TASK GOAL: Copy all lines in the material holding the string "Hotel".
----- RECORDS TO PROCESS
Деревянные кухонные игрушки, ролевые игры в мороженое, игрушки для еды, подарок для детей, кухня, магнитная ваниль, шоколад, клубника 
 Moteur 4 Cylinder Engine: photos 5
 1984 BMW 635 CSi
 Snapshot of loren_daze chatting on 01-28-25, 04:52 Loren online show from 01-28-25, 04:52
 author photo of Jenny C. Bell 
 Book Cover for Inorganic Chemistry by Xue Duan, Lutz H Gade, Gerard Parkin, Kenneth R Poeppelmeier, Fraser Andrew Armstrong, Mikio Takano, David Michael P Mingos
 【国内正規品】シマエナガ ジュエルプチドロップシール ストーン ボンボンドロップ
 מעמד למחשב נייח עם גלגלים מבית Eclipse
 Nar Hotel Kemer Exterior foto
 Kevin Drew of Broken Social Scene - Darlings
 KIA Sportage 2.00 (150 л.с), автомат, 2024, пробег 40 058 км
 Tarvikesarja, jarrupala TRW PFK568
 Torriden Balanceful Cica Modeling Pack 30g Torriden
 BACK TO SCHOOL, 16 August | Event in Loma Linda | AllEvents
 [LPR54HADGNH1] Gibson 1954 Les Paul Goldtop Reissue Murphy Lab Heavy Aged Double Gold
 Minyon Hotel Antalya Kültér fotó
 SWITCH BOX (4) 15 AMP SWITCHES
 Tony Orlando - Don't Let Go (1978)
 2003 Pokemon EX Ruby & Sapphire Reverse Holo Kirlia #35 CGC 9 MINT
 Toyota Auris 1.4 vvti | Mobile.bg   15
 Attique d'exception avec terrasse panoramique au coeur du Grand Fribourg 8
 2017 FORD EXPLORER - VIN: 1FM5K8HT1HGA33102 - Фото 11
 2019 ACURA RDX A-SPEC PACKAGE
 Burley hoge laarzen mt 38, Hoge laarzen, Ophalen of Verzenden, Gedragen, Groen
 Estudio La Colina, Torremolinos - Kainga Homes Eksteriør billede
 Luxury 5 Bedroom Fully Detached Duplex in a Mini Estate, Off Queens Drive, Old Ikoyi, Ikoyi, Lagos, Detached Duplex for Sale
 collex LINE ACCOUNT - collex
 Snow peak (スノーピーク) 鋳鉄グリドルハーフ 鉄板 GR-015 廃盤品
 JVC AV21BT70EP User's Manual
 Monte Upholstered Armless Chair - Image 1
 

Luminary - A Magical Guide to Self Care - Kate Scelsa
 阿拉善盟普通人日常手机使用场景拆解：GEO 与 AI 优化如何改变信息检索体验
----------
WRITTEN SOLUTION:
 Nar Hotel Kemer Exterior foto
 Minyon Hotel Antalya Kültér fotó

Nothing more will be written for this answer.